Оказывается, этих вымирающих животных завезли сюда из Полуденной Супы, где они еще изредка встречаются. Появление крыс у всех нас подняло дух, пошли разговоры о возрождении животного мира и о том, какие меры принимает Властитель в этом отношении. Возница божился, что видел однажды в этих местах ворону: "Вот так близко, не сойти с этого места!", - однако, мнится мне, это извечные сказки аборигенов, всего лишь.
Солнце поднялось повыше, зловоние и чад усилились. Мы, погруженные в дурман и грезы, еле крутили маховик. Возница, поощряя изредка кнутом нерадивых, включил первую передачу, ибо рытвины и тряска стали невыносимы - и тут, за очередным поворотом внезапно открылась прославленная панорама Срона - песчаная равнина, над которой высятся его знаменитые развалины и хрестоматийно известный самый длинный в мире пляж - черный от мазута и глянцевый, словно рояль, а за ним слабо волновалась безбрежная бурая ширь... Океан!

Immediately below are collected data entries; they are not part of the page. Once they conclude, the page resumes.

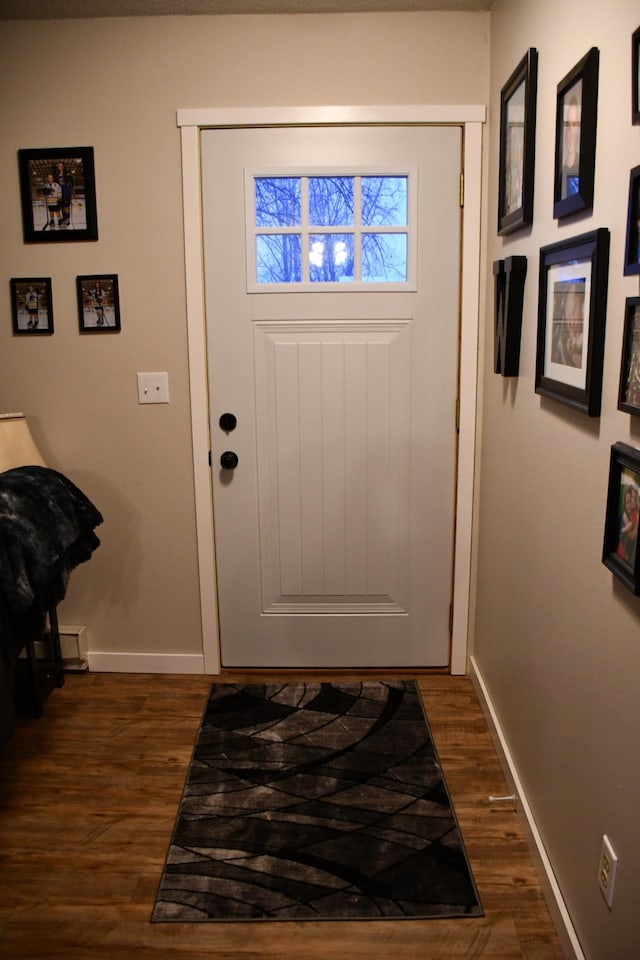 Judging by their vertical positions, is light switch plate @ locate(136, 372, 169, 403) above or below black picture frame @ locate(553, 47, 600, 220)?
below

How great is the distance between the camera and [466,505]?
275 cm

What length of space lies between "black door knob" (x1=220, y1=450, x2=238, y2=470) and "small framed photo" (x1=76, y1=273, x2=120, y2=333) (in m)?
0.60

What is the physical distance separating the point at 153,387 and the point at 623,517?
73.0 inches

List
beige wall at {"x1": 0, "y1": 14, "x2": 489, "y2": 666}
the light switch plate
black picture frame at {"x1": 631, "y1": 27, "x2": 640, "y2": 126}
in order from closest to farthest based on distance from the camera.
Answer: black picture frame at {"x1": 631, "y1": 27, "x2": 640, "y2": 126} < beige wall at {"x1": 0, "y1": 14, "x2": 489, "y2": 666} < the light switch plate

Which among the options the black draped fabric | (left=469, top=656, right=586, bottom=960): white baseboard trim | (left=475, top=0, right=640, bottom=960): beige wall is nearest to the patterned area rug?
(left=469, top=656, right=586, bottom=960): white baseboard trim

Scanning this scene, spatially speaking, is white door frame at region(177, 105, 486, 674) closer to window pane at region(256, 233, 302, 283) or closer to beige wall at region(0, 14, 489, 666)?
beige wall at region(0, 14, 489, 666)

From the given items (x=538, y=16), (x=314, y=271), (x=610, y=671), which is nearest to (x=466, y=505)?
(x=314, y=271)

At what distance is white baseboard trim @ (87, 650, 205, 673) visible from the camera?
2914 millimetres

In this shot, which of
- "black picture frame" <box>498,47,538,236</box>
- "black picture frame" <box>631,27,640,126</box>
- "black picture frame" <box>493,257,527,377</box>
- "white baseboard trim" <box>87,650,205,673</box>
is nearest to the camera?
"black picture frame" <box>631,27,640,126</box>

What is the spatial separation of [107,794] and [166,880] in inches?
16.5

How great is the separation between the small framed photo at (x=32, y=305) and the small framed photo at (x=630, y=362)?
2067 millimetres

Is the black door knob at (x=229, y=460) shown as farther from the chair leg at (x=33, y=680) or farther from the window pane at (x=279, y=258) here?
the chair leg at (x=33, y=680)

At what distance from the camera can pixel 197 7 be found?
2389 millimetres

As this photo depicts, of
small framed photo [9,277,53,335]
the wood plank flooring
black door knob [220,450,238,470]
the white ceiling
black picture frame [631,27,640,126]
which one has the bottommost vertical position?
the wood plank flooring
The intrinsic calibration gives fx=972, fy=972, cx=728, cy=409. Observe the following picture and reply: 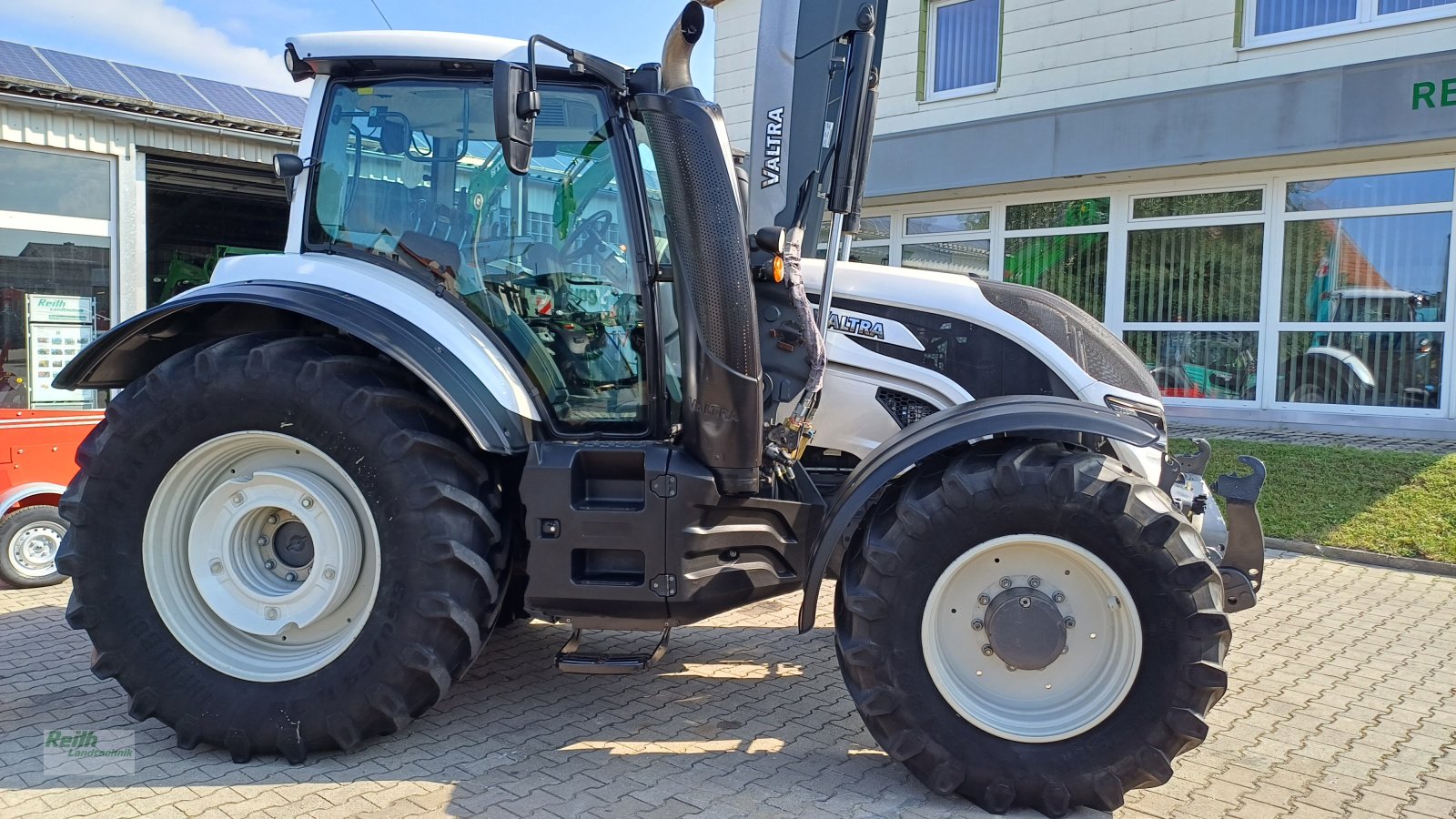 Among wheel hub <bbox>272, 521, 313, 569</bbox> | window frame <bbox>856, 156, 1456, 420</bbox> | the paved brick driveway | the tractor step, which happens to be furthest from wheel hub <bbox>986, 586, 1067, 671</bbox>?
window frame <bbox>856, 156, 1456, 420</bbox>

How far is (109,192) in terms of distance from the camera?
30.5 ft

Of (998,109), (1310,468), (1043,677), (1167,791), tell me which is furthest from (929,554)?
(998,109)

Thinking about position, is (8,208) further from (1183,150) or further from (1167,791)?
(1183,150)

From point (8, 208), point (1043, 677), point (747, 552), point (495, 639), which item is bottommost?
point (495, 639)

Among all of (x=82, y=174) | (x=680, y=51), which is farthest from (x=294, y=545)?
(x=82, y=174)

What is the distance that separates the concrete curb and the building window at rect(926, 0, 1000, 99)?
24.8ft

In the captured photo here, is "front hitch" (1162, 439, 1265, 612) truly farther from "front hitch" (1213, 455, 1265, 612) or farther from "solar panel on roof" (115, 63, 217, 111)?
"solar panel on roof" (115, 63, 217, 111)

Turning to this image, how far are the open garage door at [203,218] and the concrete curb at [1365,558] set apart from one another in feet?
33.0

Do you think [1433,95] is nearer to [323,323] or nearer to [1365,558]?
[1365,558]

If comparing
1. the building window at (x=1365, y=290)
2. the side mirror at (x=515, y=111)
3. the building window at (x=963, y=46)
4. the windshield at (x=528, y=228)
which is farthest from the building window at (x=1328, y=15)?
the side mirror at (x=515, y=111)

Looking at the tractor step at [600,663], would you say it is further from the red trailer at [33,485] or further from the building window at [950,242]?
the building window at [950,242]

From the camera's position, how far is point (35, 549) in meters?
6.10

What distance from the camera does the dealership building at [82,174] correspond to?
8695mm

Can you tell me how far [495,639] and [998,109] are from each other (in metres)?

Мы снова остановились, потрясенные этим зрелищем, и вдруг, как по команде, принялись вертеть маховик с новой энергией - нам не терпелось поскорее попасть в столицу.
Срон, как знаешь ты, мой благородный друг, вот уже полстолетья слывет Меккой живописцев, ваятелей, поэтов, мыслителей. Мы мчались туда во весь дух по прекрасной бетонке, вдруг возникшей из-под отбросов; возбужденные предстоящими впечатлениями, мы весело переговаривались. Мой визави по рычагу, кавалер Ромаш, персона большой учености и отменных манер, любезно поведал мне о положении театра в этом благодатном краю. Оказывается, здесь уже давным-давно подвизается труппа под названием "Акме" - совершенно неуловимый театр. Они дают представление в мгновение ока и в мгновение ока исчезают; не успеют еще патрульные стражи оцепить здание, как разгримированные актеры уже сидят среди зрителей. Диктатор в затруднении его собственные театры, укомплектованные невольниками, пользуются гораздо меньшим успехом. Актеры, как известно, близки с нечистой силой, добавил кавалер, среди них не редкость оборотни, это облегчает им вживание в образ. Кавалер Ромаш показал мне талисман, который всегда берет с собой в путешествия, это маленький капроновый рычажок от какого-то старинного механизма. В знак ответной любезности я предъявил ему свою ладанку. За этими разумными и пристойными речами мы незаметно подкатили к околицам Срона.